To consider whether a crime can actually be victimless, the concept of “victim” and “crime” must first be defined. In fact, throughout time, the notion of what is a crime, and how crimes are defined has changed dramatically within human culture. For example, adultery was once considered a crime, while today it is not punishable and some people even practice open marriages. With this in mind, when a society defines a crime, it creates criminals, and additionally, victims. However, there are several schools of thought as to how a victim becomes a victim. One view is that a victim must acknowledge they have had a crime committed against them, while the other asserts that knowledge of victimization is not necessary, such as when the State acts as a prosecutor against an accused. While there are many ways to define a crime as well as a victim, there are no truly victimless crimes, as there will always be someone affected by a crime in some way, even if it is only the criminals themselves.
Drug use is a good example of what some may see as a victimless crime, as on face value, the abuser of the drug seems to be causing only self-harm. However, from the documentary on methamphetamine use in the U.S. over the past twenty years, it becomes clear that drug abuse is tremendously harmful to many more than simply the abuser. According to The Meth Epidemic, half of all children in foster care (at the time of the film) were there due to their parents’ methamphetamine cooking or abuse (Byker, 2006). Children involved with parents who abuse or create meth are at high risk of child abuse, sexual abuse, exposure to dangerous chemicals, and other threatening environments that can critically affect their ability to function as a healthy adult (Byker, 2006). The children of meth abusers become victims of their parent’s habits and suffer over their entire lifetime. To them, victimization is not learned, it is forced.
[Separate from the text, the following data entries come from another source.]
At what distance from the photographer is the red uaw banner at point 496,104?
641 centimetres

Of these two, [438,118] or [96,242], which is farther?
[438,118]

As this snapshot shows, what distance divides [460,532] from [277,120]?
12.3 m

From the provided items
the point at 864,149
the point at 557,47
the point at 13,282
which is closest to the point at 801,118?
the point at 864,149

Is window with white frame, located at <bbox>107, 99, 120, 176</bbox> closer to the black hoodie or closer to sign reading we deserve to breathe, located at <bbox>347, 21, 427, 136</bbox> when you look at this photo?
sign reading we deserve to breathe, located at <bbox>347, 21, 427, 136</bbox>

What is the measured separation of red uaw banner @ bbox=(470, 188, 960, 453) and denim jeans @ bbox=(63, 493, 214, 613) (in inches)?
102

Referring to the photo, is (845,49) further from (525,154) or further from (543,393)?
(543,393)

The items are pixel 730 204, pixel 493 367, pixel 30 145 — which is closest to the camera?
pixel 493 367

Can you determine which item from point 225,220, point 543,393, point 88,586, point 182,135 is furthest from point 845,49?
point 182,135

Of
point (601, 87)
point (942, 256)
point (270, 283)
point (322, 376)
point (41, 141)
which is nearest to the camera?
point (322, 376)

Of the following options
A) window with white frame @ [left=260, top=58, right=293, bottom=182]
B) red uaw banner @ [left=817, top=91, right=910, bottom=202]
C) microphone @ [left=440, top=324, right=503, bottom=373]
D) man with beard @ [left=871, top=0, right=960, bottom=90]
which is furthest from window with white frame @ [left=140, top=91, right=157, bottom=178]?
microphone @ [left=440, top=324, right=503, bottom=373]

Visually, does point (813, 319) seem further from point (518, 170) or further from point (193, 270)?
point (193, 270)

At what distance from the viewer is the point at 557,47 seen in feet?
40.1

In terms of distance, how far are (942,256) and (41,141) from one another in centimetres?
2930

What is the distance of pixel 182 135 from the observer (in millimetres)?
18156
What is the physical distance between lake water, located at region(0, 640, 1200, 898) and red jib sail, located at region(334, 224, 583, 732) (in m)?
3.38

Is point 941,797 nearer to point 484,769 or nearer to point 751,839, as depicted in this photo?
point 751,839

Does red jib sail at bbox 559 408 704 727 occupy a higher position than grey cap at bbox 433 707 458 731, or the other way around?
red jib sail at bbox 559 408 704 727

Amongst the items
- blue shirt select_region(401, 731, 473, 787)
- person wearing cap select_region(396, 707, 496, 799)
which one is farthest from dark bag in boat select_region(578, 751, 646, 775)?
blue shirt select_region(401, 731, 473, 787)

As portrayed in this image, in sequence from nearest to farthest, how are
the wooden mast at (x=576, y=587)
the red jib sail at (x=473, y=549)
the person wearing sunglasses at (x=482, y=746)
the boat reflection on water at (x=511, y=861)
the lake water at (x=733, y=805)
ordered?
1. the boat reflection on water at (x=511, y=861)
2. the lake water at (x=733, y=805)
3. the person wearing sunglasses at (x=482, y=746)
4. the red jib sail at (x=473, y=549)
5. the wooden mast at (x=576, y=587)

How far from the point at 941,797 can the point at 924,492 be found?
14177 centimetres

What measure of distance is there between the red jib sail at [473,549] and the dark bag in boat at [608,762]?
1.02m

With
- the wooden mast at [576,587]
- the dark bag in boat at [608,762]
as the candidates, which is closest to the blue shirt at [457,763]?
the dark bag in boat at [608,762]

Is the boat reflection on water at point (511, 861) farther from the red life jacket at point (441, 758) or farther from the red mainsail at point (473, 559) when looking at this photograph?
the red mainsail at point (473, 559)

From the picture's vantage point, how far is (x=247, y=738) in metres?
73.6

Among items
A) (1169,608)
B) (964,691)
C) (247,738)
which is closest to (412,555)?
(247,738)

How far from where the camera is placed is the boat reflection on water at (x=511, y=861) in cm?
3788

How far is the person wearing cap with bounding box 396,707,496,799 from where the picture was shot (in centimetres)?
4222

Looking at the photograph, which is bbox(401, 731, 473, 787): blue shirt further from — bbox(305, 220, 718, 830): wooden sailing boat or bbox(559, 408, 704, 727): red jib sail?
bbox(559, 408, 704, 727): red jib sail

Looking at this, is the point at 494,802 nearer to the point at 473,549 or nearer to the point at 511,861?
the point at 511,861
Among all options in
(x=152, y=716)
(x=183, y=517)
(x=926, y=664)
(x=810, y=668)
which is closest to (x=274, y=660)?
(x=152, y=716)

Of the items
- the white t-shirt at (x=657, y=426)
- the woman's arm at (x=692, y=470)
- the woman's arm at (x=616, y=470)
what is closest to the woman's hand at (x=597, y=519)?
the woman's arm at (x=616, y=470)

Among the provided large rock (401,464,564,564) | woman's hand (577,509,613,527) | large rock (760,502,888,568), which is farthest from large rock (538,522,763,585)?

Children are only one way that drug abusers create victims other than themselves. They also place a burden on friends, family, drug courts, and neighborhoods as they are the highest demographic involved in property crimes and theft to support their habit (Byker, 2006). The damage inflicted by meth abusers to others is legitimate, even to those who are unaware. This stands in conflict with Botellier (2002), who discussed that according to one criminal justice framework, a victim must be identified and made to believe that they are a victim in order for victimization to exist (p. 58). So, prior to becoming aware that a person is a victim of a crime, that person is not a victim. However, this cannot be true of “victimless” drug abusers, who create property damage and theft that someone must fix, replace, or repurchase. Even if these people are unaware and do not know to label themselves as a victim, they are still being victimized.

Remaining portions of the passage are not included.